É uma realidade que introduz a tristeza e também a dimensão do luto individual e colectivo. Eu sou uma dessas pessoas do mundo.
E, de repente, de um dia para o outro tudo fica próximo demais, duro de mais, traumático demais.
Sem a possibilidade do abraço, sem a cerimónia participada por todos, sem uma despedida acompanhada, o luto corre o risco de ficar como que parado no tempo, suspenso e adiado para um tempo que virá, uma possibilidade que chegará.
E até esse dia, tudo pode doer muito cá dentro.
O luto é uma resposta natural à perda.
Tem uma dimensão adaptativa que permite chegar dentro de nós à aceitação da perda e à transformação da dor e da própria relação.
Porém, neste momento de isolamento social necessário para evitar a propagação do coronavírus e promover a segurança de todos, a tristeza e a possibilidade de a expressarmos no “colo de liberdade” de alguém, pode ser a “emoção-farol” que nos guie e nos dê tempo a esta dor, criando possibilidades de partilha, de encontro e conforto na escuta do outro e assim também prevenir sentimentos de impotência e de culpa.

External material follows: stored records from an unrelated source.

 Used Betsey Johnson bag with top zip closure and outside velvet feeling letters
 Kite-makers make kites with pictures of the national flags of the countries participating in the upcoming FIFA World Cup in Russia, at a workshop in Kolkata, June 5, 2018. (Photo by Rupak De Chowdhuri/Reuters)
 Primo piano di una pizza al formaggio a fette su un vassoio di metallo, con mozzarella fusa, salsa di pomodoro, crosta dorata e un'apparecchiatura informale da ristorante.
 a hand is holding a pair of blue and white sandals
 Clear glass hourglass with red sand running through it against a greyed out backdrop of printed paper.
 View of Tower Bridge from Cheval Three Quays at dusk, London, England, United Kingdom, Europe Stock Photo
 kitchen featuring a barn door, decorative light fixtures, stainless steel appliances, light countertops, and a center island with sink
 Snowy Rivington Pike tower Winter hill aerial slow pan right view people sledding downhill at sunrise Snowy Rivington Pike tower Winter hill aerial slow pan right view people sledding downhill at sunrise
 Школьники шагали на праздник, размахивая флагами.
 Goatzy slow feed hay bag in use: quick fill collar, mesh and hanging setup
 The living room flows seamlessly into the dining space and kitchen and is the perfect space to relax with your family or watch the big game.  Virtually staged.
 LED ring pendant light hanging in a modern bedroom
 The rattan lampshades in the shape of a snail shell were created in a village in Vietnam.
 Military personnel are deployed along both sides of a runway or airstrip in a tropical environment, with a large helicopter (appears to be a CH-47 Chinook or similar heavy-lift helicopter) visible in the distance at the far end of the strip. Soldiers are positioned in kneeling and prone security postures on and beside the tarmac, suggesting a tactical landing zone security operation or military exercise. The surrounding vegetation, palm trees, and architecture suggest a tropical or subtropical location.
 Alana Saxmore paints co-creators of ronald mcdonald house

Lidar com a dor da perda numa situação destas tão traumática, de alguém que morreu são e a transbordar de vida, à mercé destes novo coronavírus, sem piedade nem dó, convoca-nos a contactar com a profundeza das nossas vulnerabilidades e fortalecer a resiliência, o afecto, a possibilidade de sentir e, ao mesmo tempo, partilhar e de chorar a dor.
Porque nós somos seres de relação e tudo isto conta.
No final da nossa conversa telefónica falámos deste livro “O ano do pensamento mágico” de Joan Didion.
É o livro que a minha amiga está a ler. Desliguei e fui à minha biblioteca. Também o tinha.
Uma partilha antiga a propósito do luto e da tristeza de uma pessoa que acompanho em psicoterapia.
Comecei a ler. Começa assim: “A vida muda rapidamente. A vida muda num instante. Sentas-te para jantar e a vida, como a conheces, termina.” (p. 9).